What’s the Main Idea?
Reading to Learn Lesson Design
By: Mariel D. Hall

 

Rationale:  When children read, they need to be able to remember what the passage is about through pulling out important information to summarize.  Summarization allows students to understand and recall the important information in reading.  Summarization must be taught and explained through rules in order to help children understand and remember what they have read.

Materials: “Tropical Regions.” Macmillan Social Studies, 1987-passage. pp. 192-196., notebook paper, pencils, checklist for assessment of summarization rules:

 1.  Deleted redundant information   ______
 2.  Found and used keyword terms  ______
 3.  Created and used topic sentence ______
 4.  Took out unneeded information ______ 

Procedure:
1. Ask students, have you ever read something and did not understand what you had just read when you were finished?  Tell the students it is important to understand what we read.  One way we can do this is through using a strategy called summarization, which helps us to recognize the main ideas in a passage.  Today, we are going to learn how to summarize a passage about tropical regions of the Amazon inBrazil.

2. Introduce the "Tropical Regions" passage to the children.  Tropical regions are areas found in various parts of the world, mostly in South America.  The temperature is hot and humid and many exotic animals live there.  The people who live in tropical regions live very different lifestyles from the way we do.  The children will read this silently.  Ways to do this are to use a quiet, whispering voice and to vaguely move your lips if at all.  Tell them to read the words in their heads without much vocal movement.  Remind the children that this allows them to read at their own pace.

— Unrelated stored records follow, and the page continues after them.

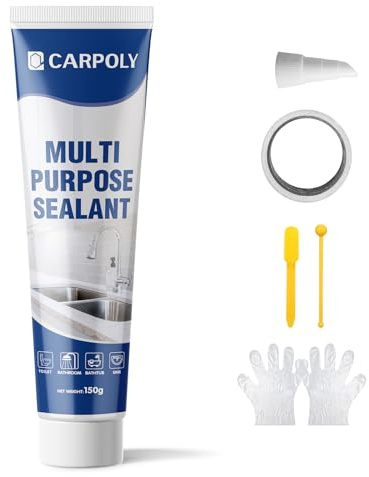 CARPOLY Silicone Caulk for Kitchen & Bathroom, Waterproof White Caulk for Sink, Toilets, Windows, Doors, Strong Adhesion, Shrink & Crack Proof,Long-Lasting(White, 5.29oz)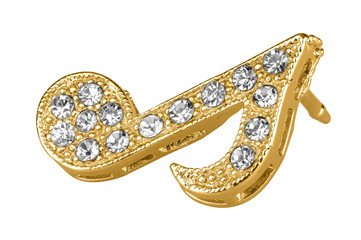 Golden brooch shaped like a musical note, with small diamonds, isolated on white background, clipping path included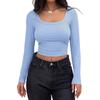 Square Collar Long Sleeve Casual Women T Shirts Green Autumn Skinny Sexy Solid Basic Crop Tops Fashion Streetwear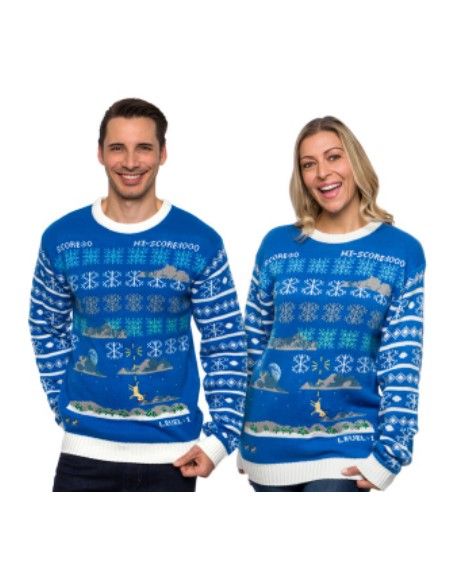 Photo 1 of FUNZIEZ! Ugly Christmas Sweater Space Invader Long Sleeve Novelty Costume Blue - 2X-Large
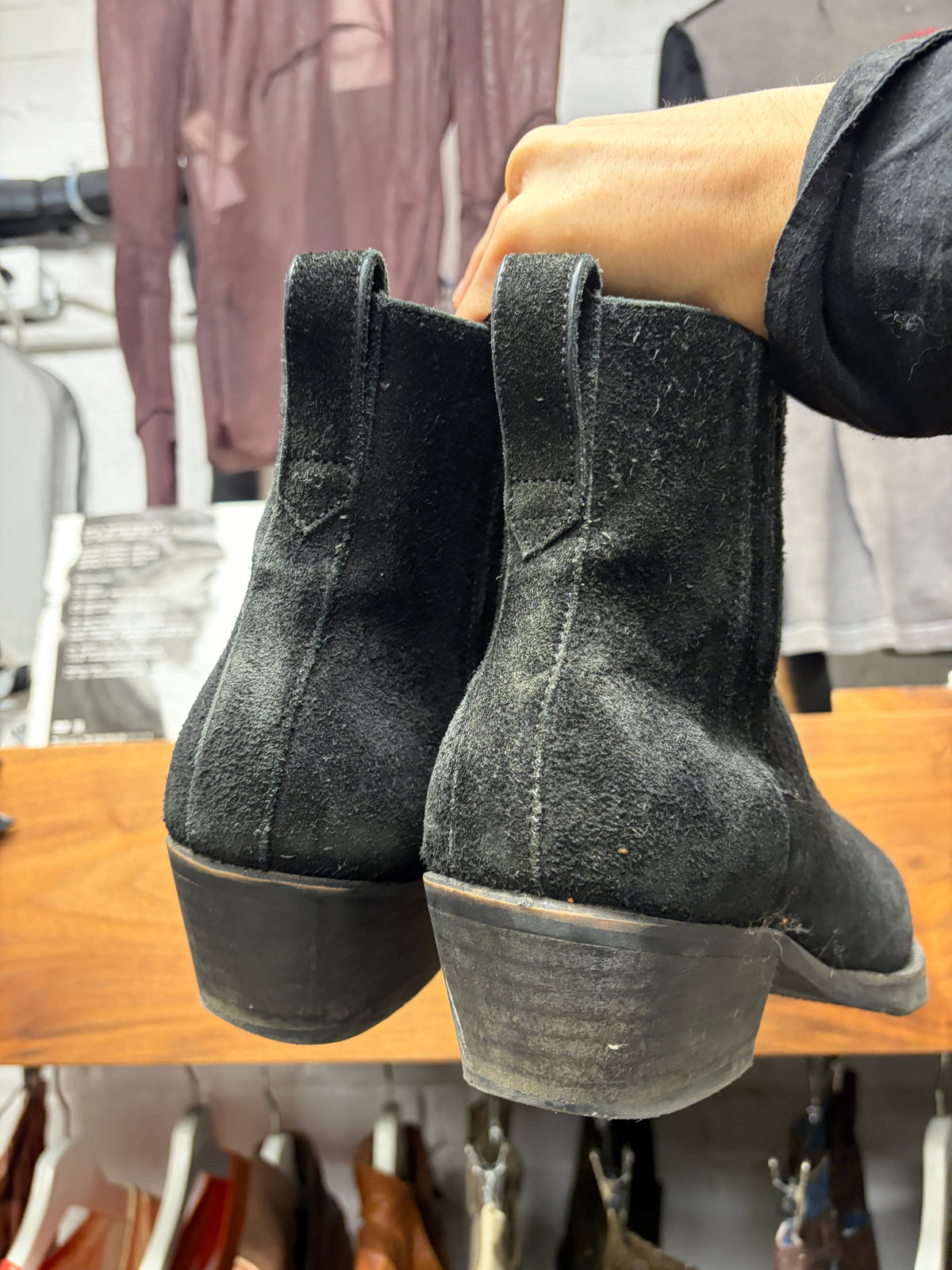 Our Legacy Black Hairy Suede ‘Cuban’ Pointed Toe Chelsea Boots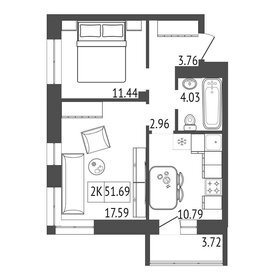 Квартира 51,7 м², 2-комнатная - изображение 2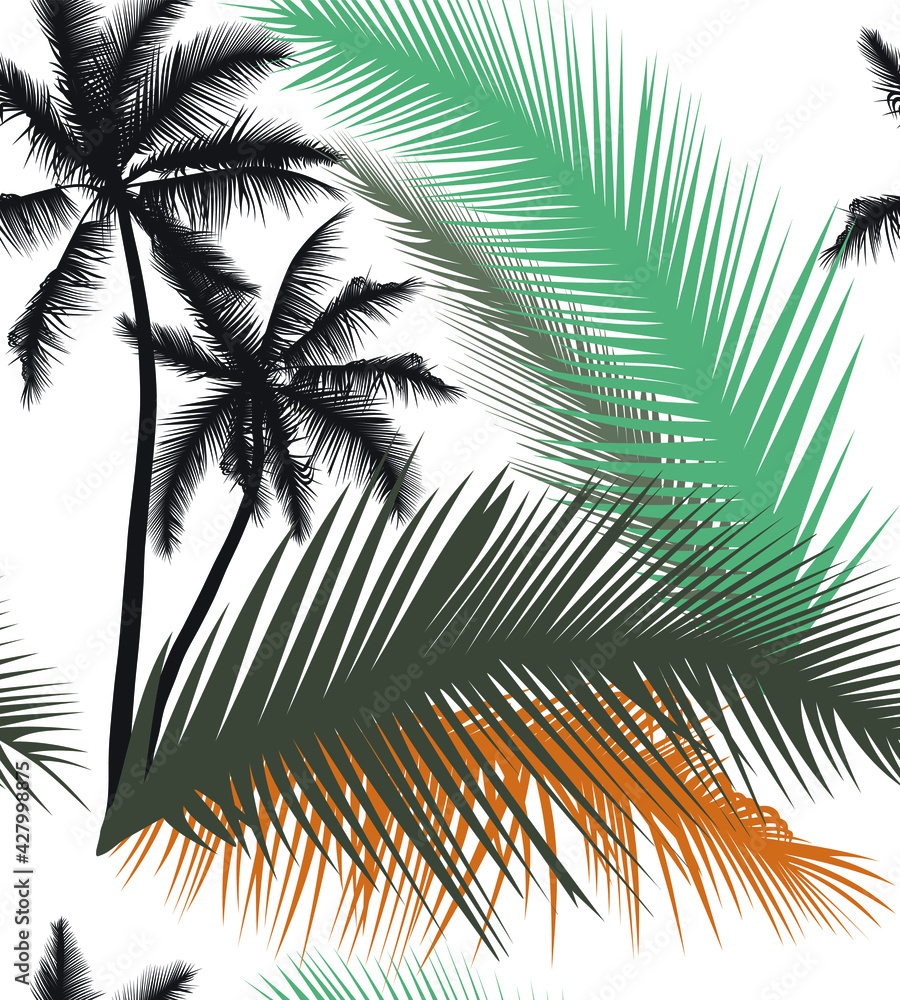 Fototapeta premium Palm trees - design for textiles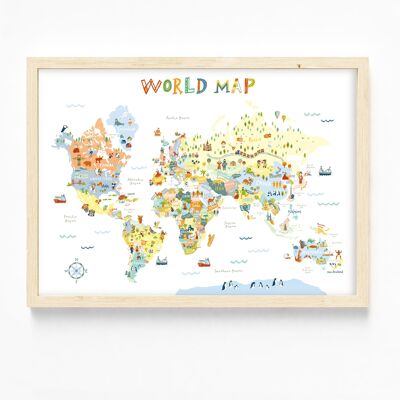 Stampa artistica A3/ Mappa del mondo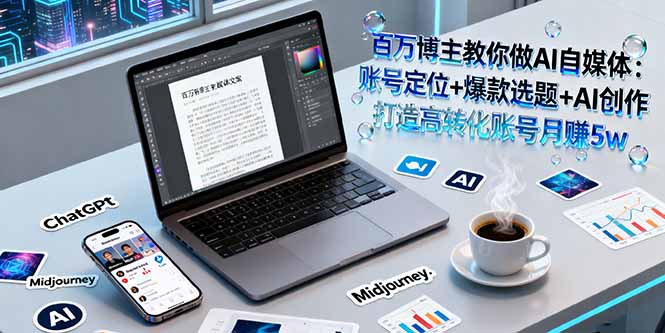 百万博主教你做AI自媒体：账号定位+爆款选题+AI创作 打造高转化账号月赚5w-非凡网-资源网-最新项目分享网站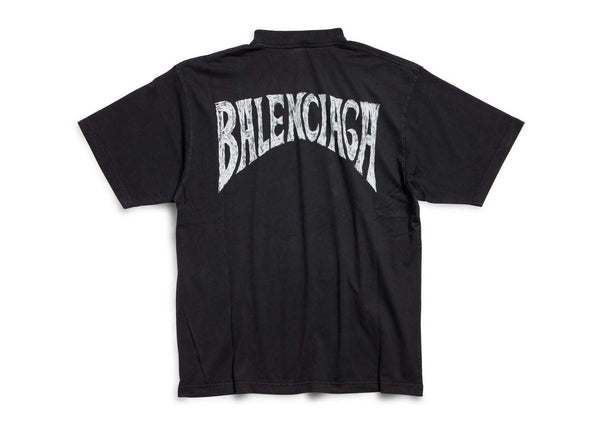 T-shirt Balenciaga Paris Tropical coupe moyenne noir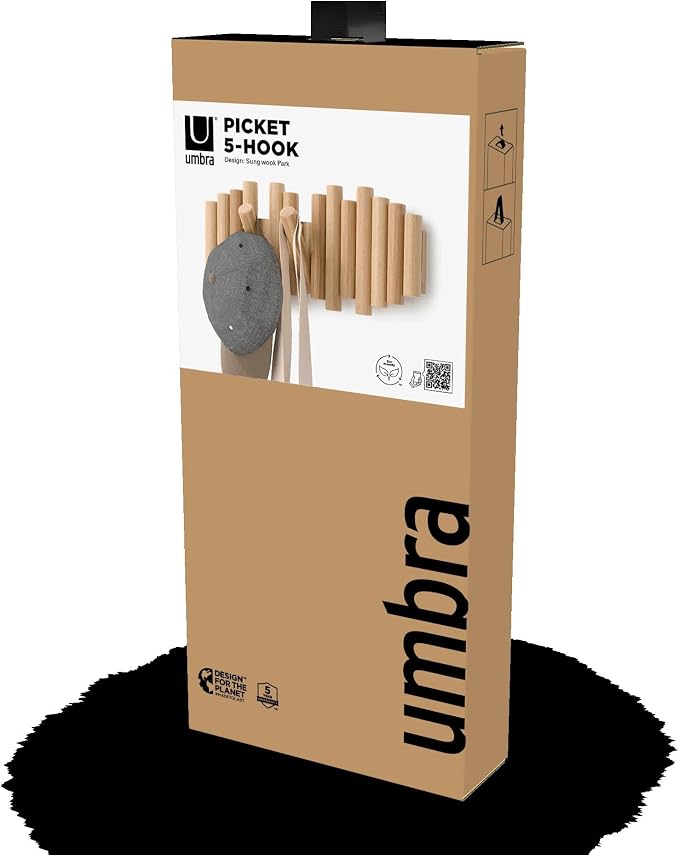 Umbra Picket Coat Rack Wall Mount – 5 Flip-Down Wood Coat Hooks, Modern & - Image 7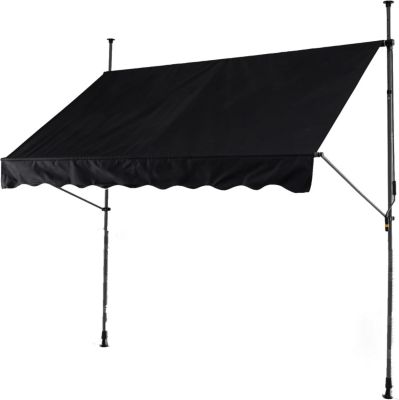 Store Banne Manuel Rétractable,en Hauteur,avec Toile de Protection Solaire,sans Percage pour Balcon,Patio,Jardin (Noir,2x1,8M)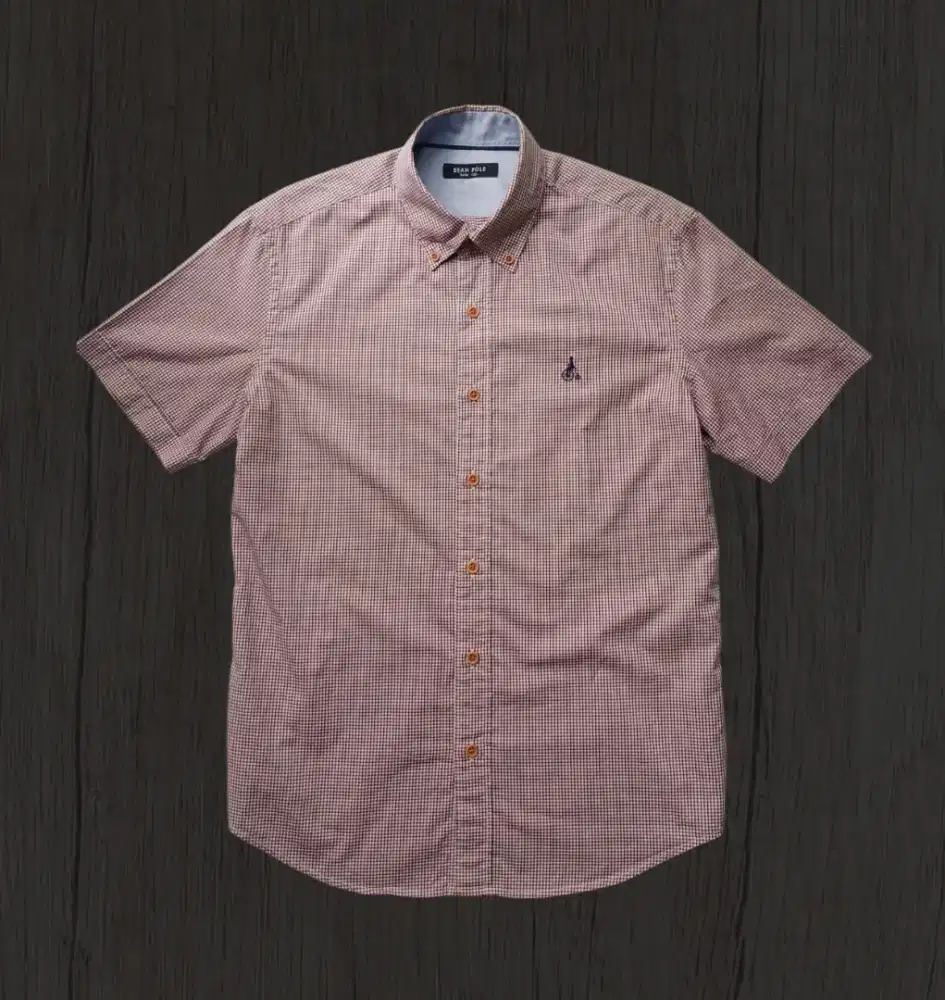 KEMEJA BEANPOLE PENDEK KOTAK2 ORANGE, SIZE  : M (LD108,P72) SLIMFIT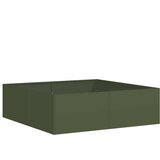 Maison Chic Cvetlični Lonec - Cvetlično korito olivno zelena 100x100x30 cm Jeklo, (21788972) | Shoptok.si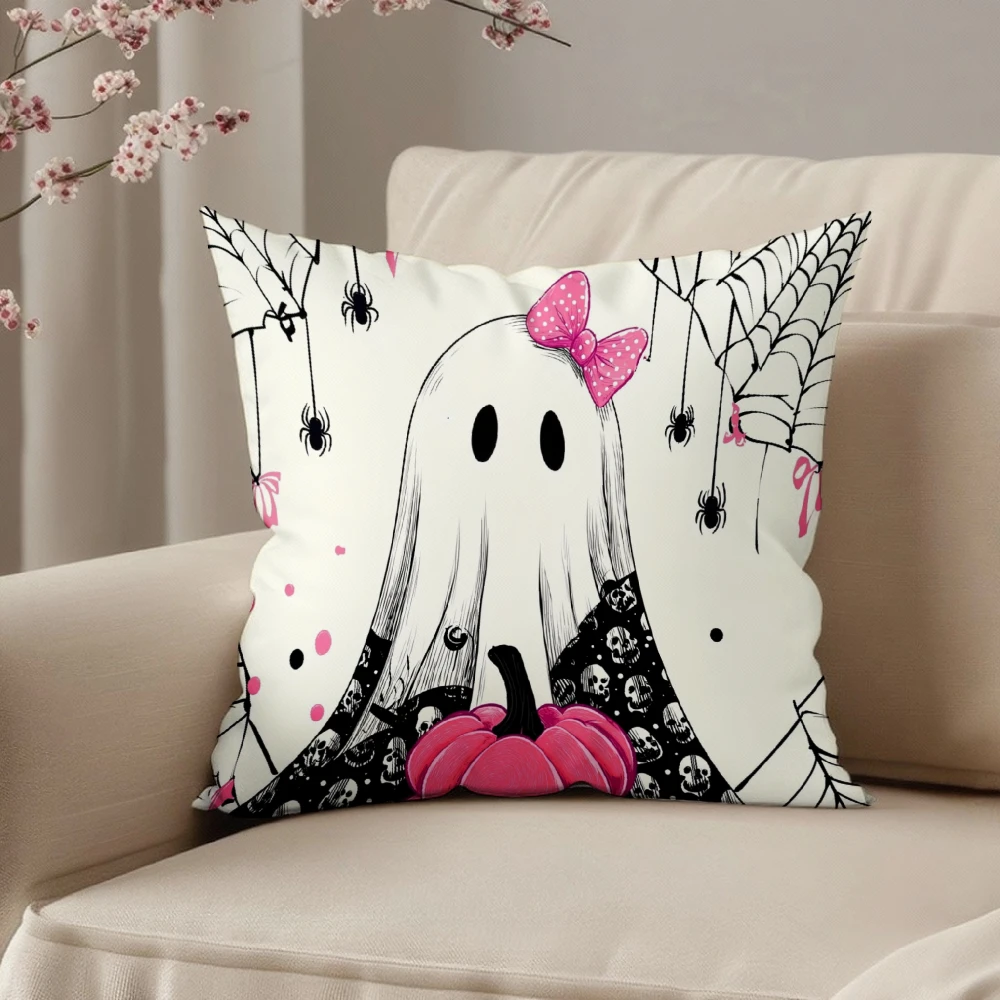 Cute Ghost Throw Pillow Case White Halloween Skull Spider Web Pumpkin Print For Home Sofa Bedroom Decor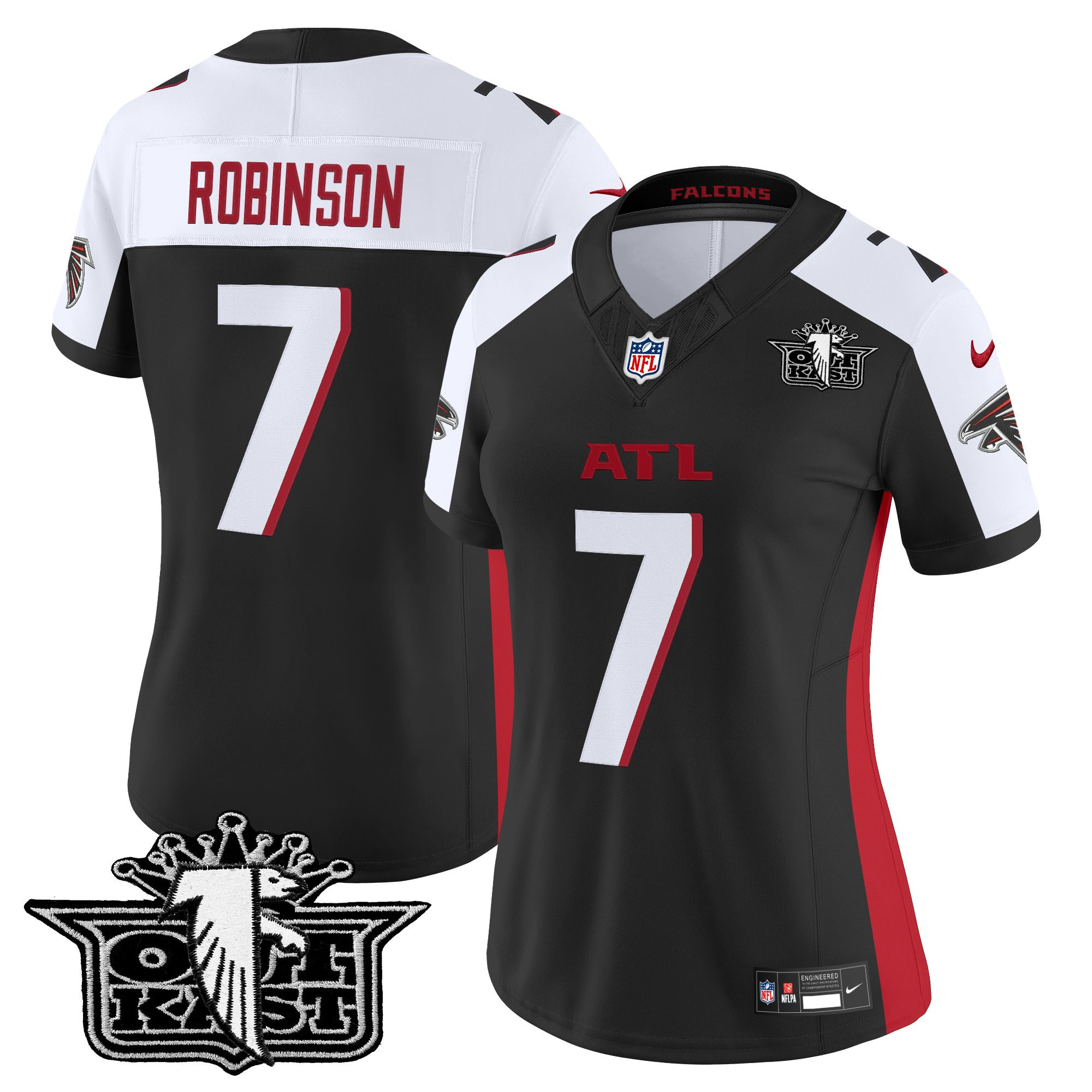 Bijan Robinson Women's Outkast x Atlanta Falcons 2025 Vapor Limited Black Alternate Jersey - All Stitched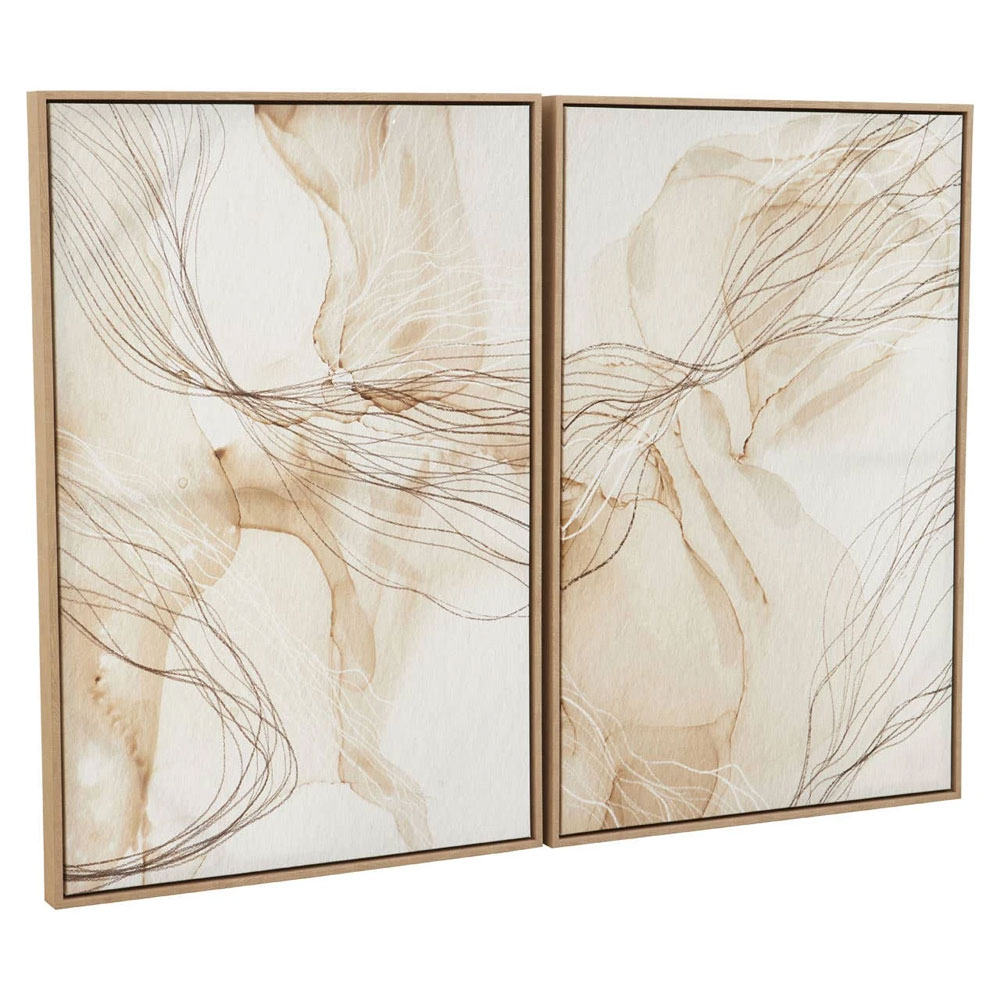 Elmiron Canvas Abstract Set of Two Wall Art in Natural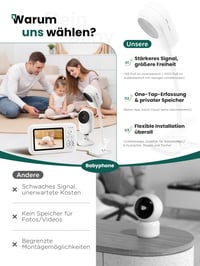 Detská pestúnka NUOTUN s kamerou a držiakom, HD video pestúnka bez Wi-Fi, funkcia nočného videnia, rodičovská jednotka 6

3. After silent reading, the class will have a question and answer time, so they will understand the necessity of realizing the main ideas.  I will ask a few questions that are important to understanding tropical regions ("Why is rain necessary in the Amazon?") and ones that are not as important in comprehending the main idea because they provide little relative information ("What is the tallest tree in the rain forest?").

 4. Explain that there is no way we can remember every detail, so that is why we need to summarize our readings to remember the most important information.  Model summarizing one part of the passage of "Tropical Regions".  Most of Brazil consists of a tropical region called the Amazon rain forest.  The weather is unusually humid instead of dry.  (Hang up checklist with the four summarization rules listed).  There are four rules that can help us summarize what we read.  Let's go through them:  1) Take out parts of the passage that would not change the main idea if it were left out.  For example, the age of the trees in the rain forests is not significant in understanding tropical regions.  2) Take out redundant information.  For example, if the sentence said, the trees grow and grow. The trees eventually grow very tall.  The main idea is that trees grow tall in the Amazon.  3) Find a keyword that can represent a list of items.  Instead of saying that bamboo, rubber, palm, rosewood, vines, and ferns grow in the rain forest; say that various exotic plants grow in the rain forest.  4) Select a topic sentence.  For example, tropical regions consist of humid rain forests, which contain a variety of exotic plants and animals.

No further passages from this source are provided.